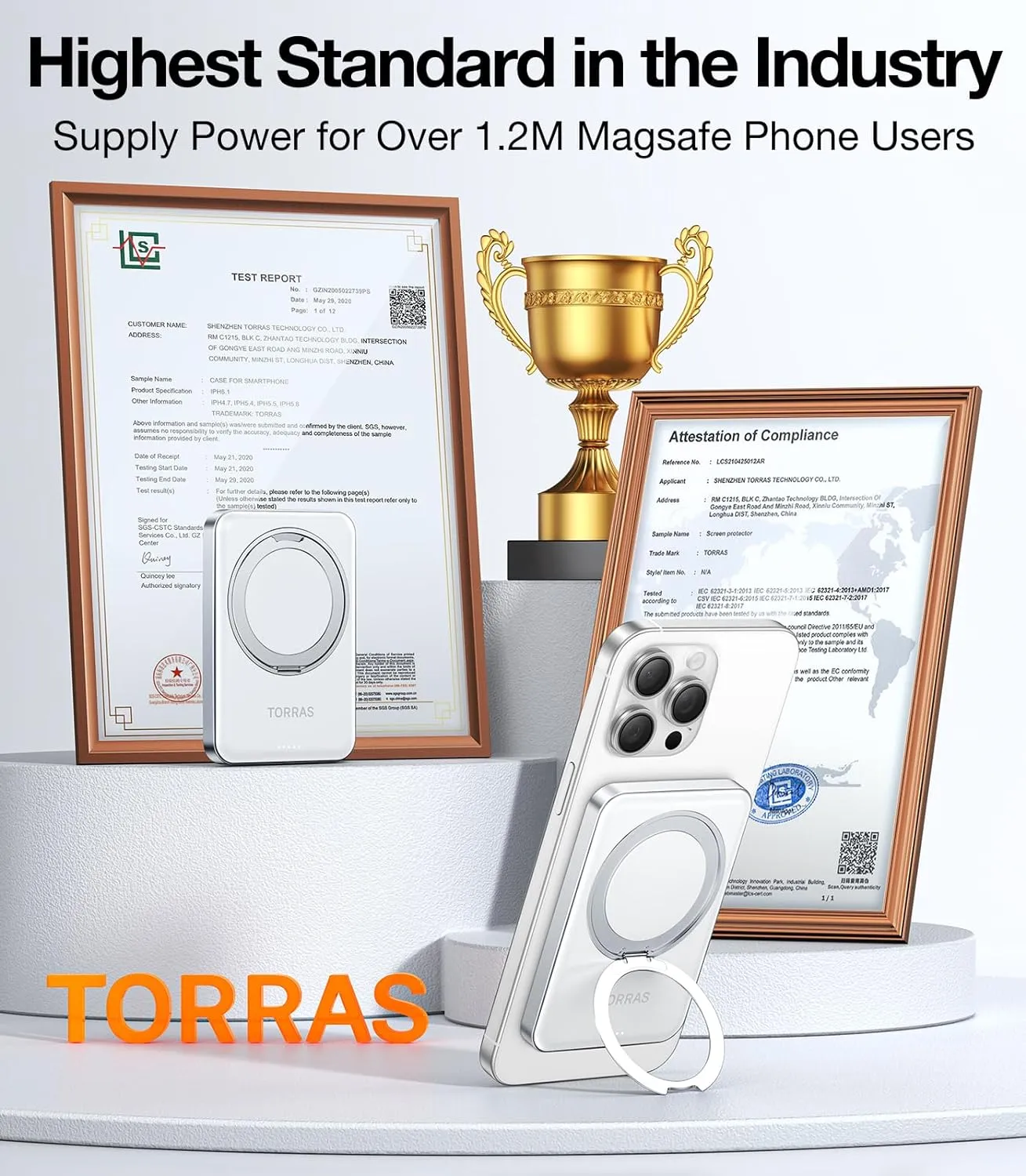 TORRAS 5,000mAh Magnetic Portable Charger Power Bank with Stand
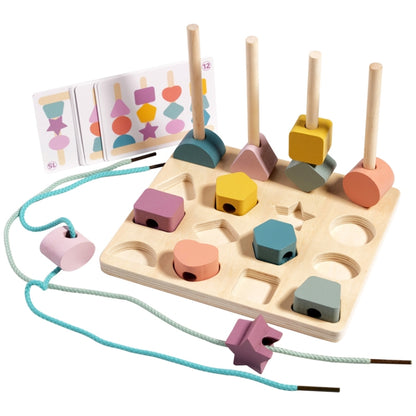 Treehole Children Wooden Geometric Shape Matching Puzzle Game Color Cognition Threading Beads Enlightenment Toy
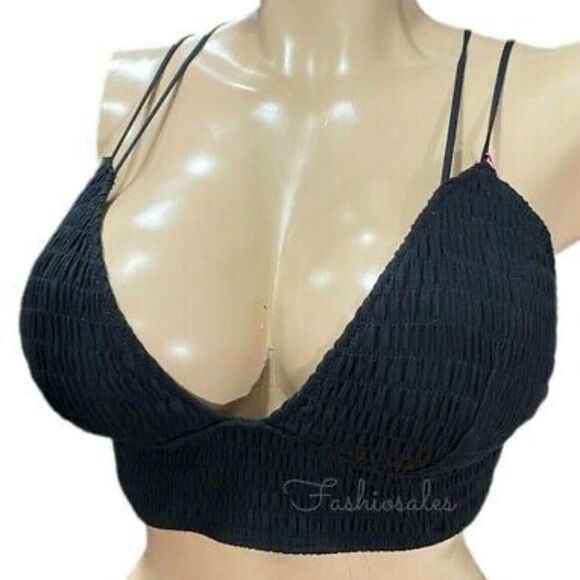 Victorias Secret Pink Smocked Triangle Lined Removable Padding Bralette Black - Picture 2 of 3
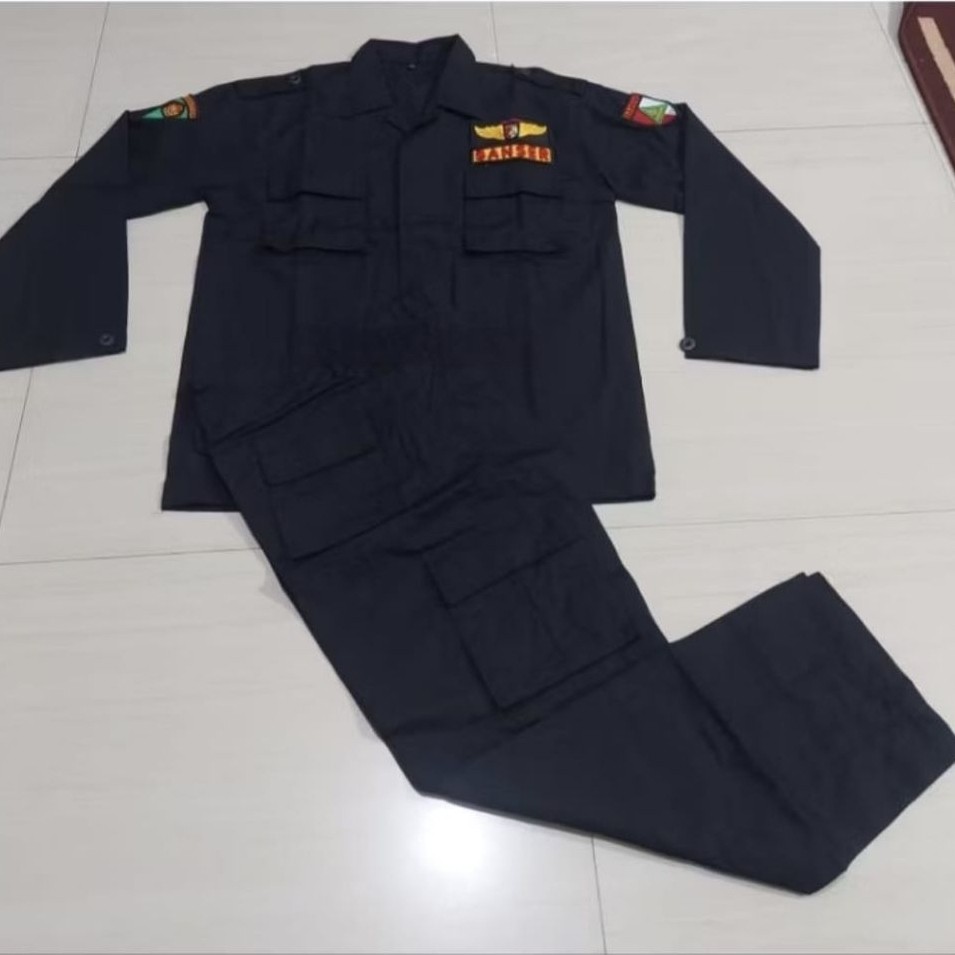 Seragam PDL Hitam Banser Lengkap Setelan Bahan Ripstok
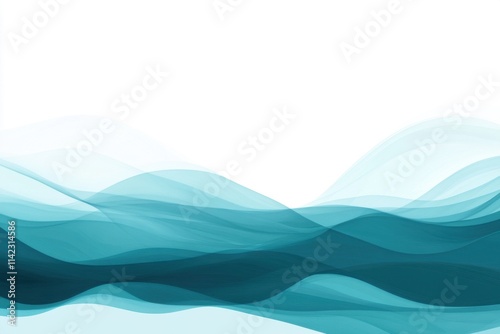 Abstract seaside flow in turquoise and teal, deep blue water design. Visual asset showcasing blue and white tides for marine background. Perfect canvas for text placement
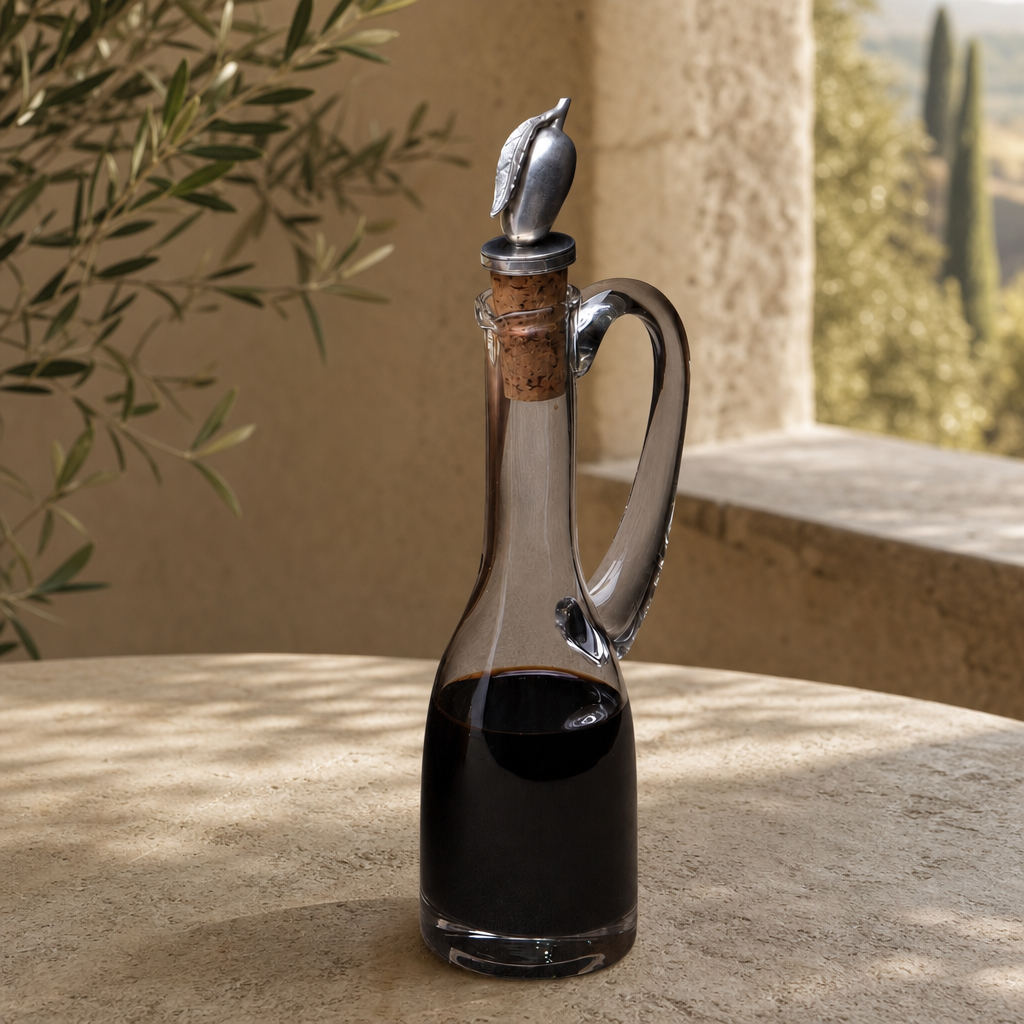 Cruet Bottle with Pewter Olive Head Cork Stopper 4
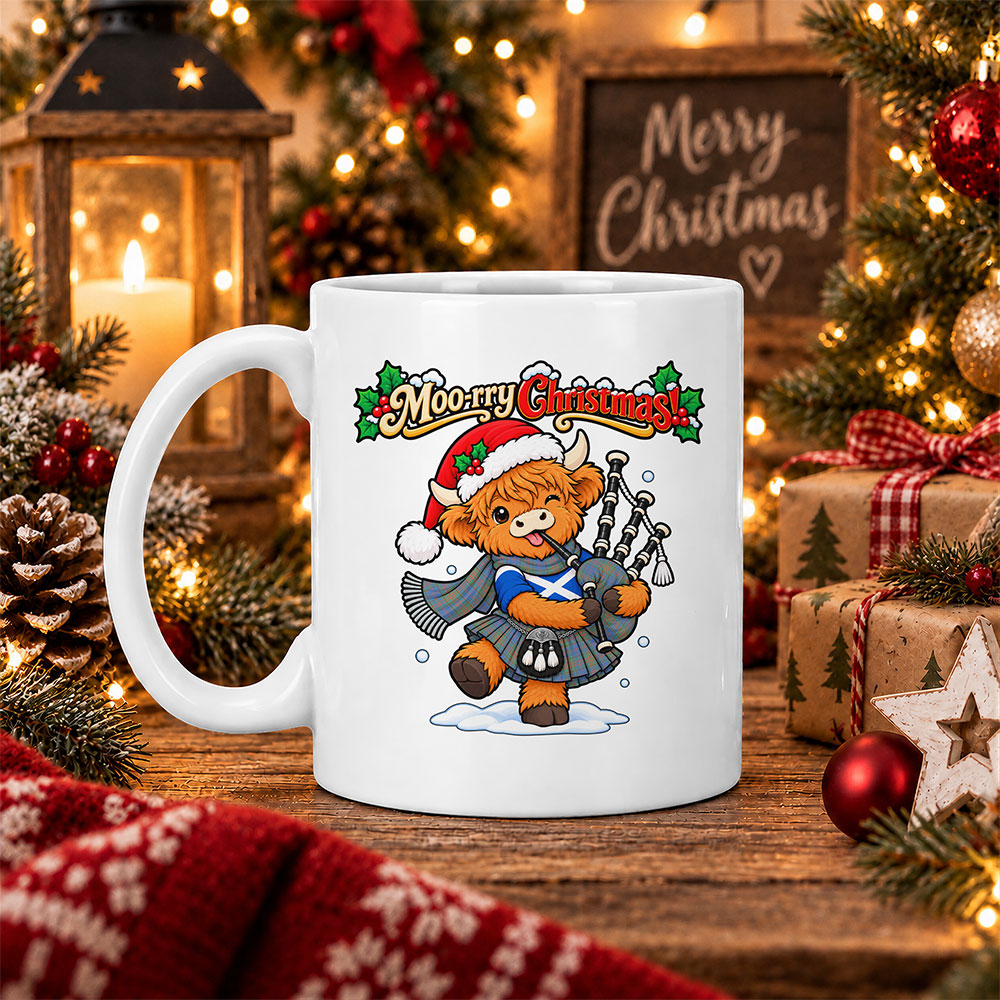 ScotsTee Shop Scottish Stewart Of Appin Hunting Ancient Tartan Mug Moo Rry Christmas Highland Cow Bagpiper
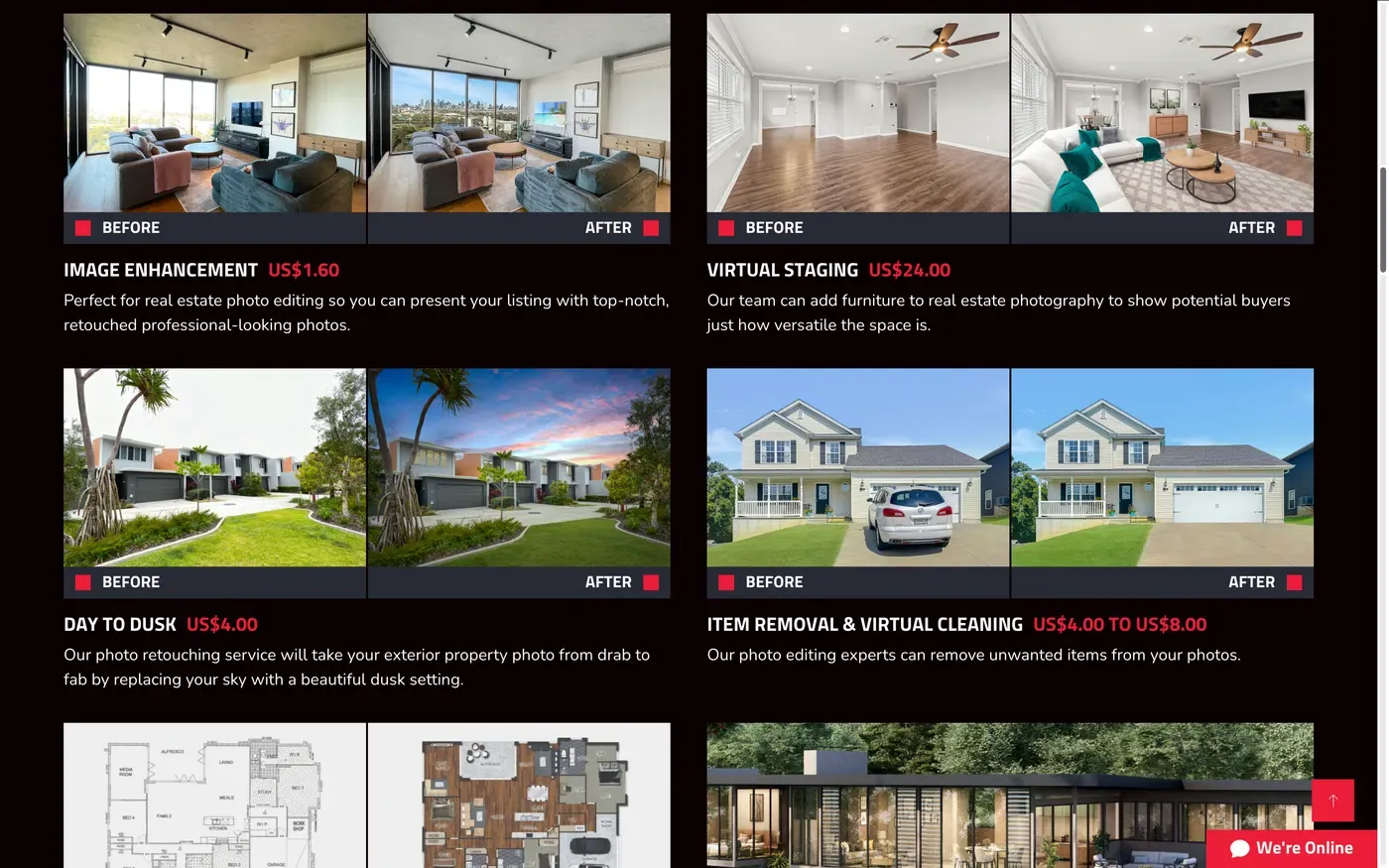 BoxBrownie services page showing before-and-after pairs for image enhancement, virtual staging, day-to-dusk conversion and item removal, with promotional per-image prices of US$1.60, US$24.00, US$4.00 and US$4.00 to US$8.00 displayed under each service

☆ ☆ ☆

Requirement:
Give back exactly the lines above from the one with "Victorias Secret Pink Smocked Triangle" through the one with "ScotsTee Shop Scottish", both included. Pictures don't belong in the copy.

Completed task:
 Victorias Secret Pink Smocked Triangle Lined Removable Padding Bralette Black - Picture 2 of 3
 Seragam PDL Hitam Banser Lengkap Setelan Bahan Ripstok
 Abstract seaside flow in turquoise and teal, deep blue water design. Visual asset showcasing blue and white tides for marine background. Perfect canvas for text placement
 Cruet Bottle with Pewter Olive Head Cork Stopper 4
 ScotsTee Shop Scottish Stewart Of Appin Hunting Ancient Tartan Mug Moo Rry Christmas Highland Cow Bagpiper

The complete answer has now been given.